Os rohingya, uma minoria muçulmana originária do estado de Rakhine, em Mianmar, sofre perseguição sistemática no país desde os anos 1960, sem direito a cidadania. Ultimamente, porém, eles atraíram a atenção da junta militar no poder, que sofre com a falta de soldados conforme perde a batalha contra os grupos rebeldes que tentam derrubar o governo. Assim, têm sido recrutados sob a mira de armas para servir às Forças Armadas, segundo relato da rede Radio Free Asia (RFA).
A junta está desesperada em busca de novos combatentes, conforme sofre perdas significativas devido à ofensiva da Tríplice Aliança, uma coalizão rebelde composta por três grupos: o Exército Arakan, o Exército da Aliança Democrática Nacional de Mianmar (MNDAA) e o Exército de Libertação Nacional de Ta’ang. Dezenas de cidades foram conquistadas pelas forças de resistência desde outubro de 2023.
Em fevereiro deste ano, Ye Myo Hein, conselheiro do think tank Instituto da Paz dos Estados Unidos, afirmou que a maioria dos batalhões das Forças Armadas atualmente não consegue atingir o efetivo mínimo para operar, que é de 200 militares.

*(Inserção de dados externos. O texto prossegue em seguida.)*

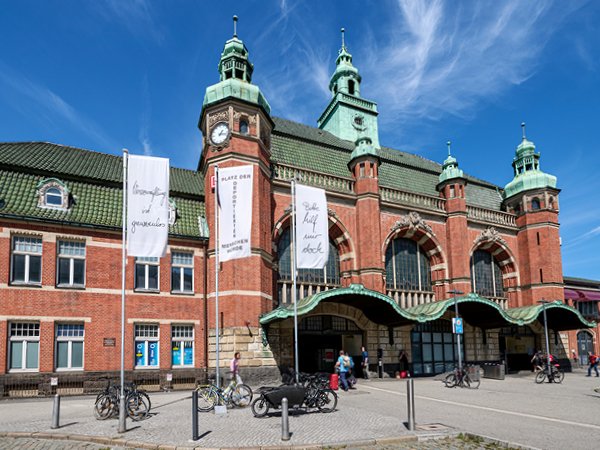 Fahrräder stehen auf gepflastertem Platz vor einem großen roten Backsteingebäude mit grüner Überdachung. Menschen gehen hinein und hinaus.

Além das baixas infligidas pelos rebeldes, o efetivo reduzido se explica pelo alto número de deserções.
Nas últimas semanas, uma alterativa encontrada pelo governo para driblar o problema foi implementar uma lei exigindo serviço militar obrigatório de dois anos, o que levou milhares de jovens a buscar a brigo na Tailândia para não lutar. Recrutar à forças os rohingya é a opção mais recente.
Segundo um membro da minoria étnica que passou pelo processo de recrutamento forçado, soldados foram até a porta da casa dele armados de rifles e o obrigaram a acompanhá-lo até um destacamento do Exército. Lá, ao lado de outros rohingya, foi informado de que passaria por um treinamento de 14 dias e então formaria uma milícia para enfrentar os rebeldes. Em troca, receberia um salário de um milhão de quiates (R$ 2,3 mil) mensais e o estatuto de cidadão birmanês.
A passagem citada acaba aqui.